This problem is an application of EDIT DISTANCE of dynamic problem, but the main logic here is that we will use one string as the given string and the other string as the reverse of the given string and the only operation that we can perform is delete and no other option of Edit distance logic.

To make the two string equal we need to almost N deletions from each string that is 2*N deletion overall, therefore if 2*N<=2*k then only the string is K-palindrome.

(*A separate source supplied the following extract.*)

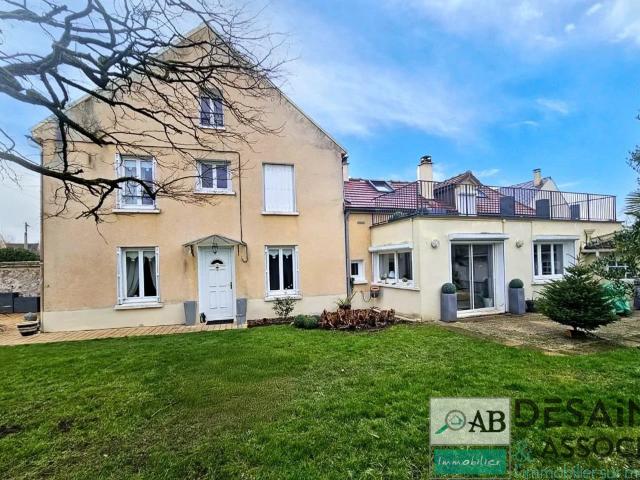 Maison 7 pièces 142 m²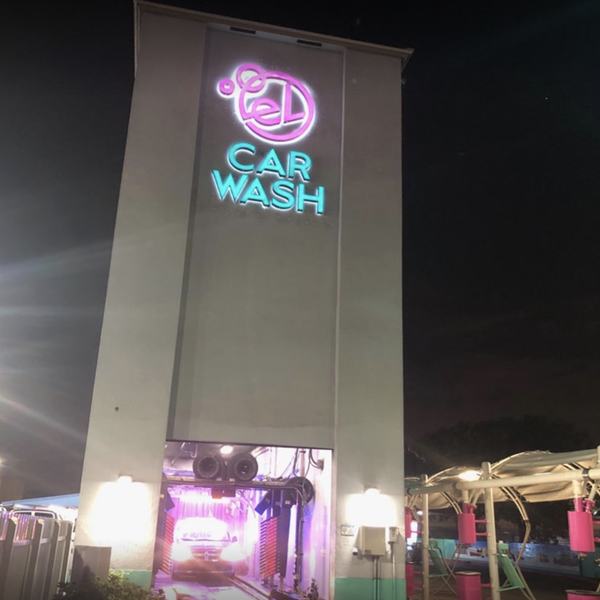 El Car Wash Hialeah'ta Araç Yıkama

We will follow this algorithm:

if any of the string is empty 
then return total length of
other string.
			
if last character of both string are 
same then recur for remaining character.

if last character are not same then 
first case: remove last character from first
string and recur.
second case: remove last character from 
second string and recur.
return 1+min(first case, second case)

Time Complexity for the above approach in the worst case is exponential.

Space Complexity for the above approach in the worst case is linear.

2) Dynamic Programming Approach:

(a): Top Down Approach:

In this approach we will use memorization method, we will create 2-D dp[n][m] state where initially all the states are filled with -1, then each time we call recurrence function we update the dp[n][m] state, where n is the index for first string and m is the index for the second string.

(b) Bottom Up Approach:

In this approach we will fill the table in bottom up manner, each dp[n][m] state will be filled in bottom up manner as initially for state of length (i==0 or j==0) we will give them the value of other string length(i+j),i.t dp[i][j]=(i+j) if i==0||j==0.

dp[i][j]=(i+j),i==0 or j==0.
if(s1[i-1]==s2[j-1])
    dp[i][j]=dp[i-1][j-1],i>=1 and j>=1
else
    dp[i][j]=1+min(dp[i-1][j],dp[i][j-1])

Here, s1 is given string, s2 is the reversed form of s1, i and j are the length of s1 and s2 at dp[][] state i and j respectively.

Time complexity for the above approach in the worst case is : O(n*n)

Space complexity for the above approach in the worst case is : O(n*n)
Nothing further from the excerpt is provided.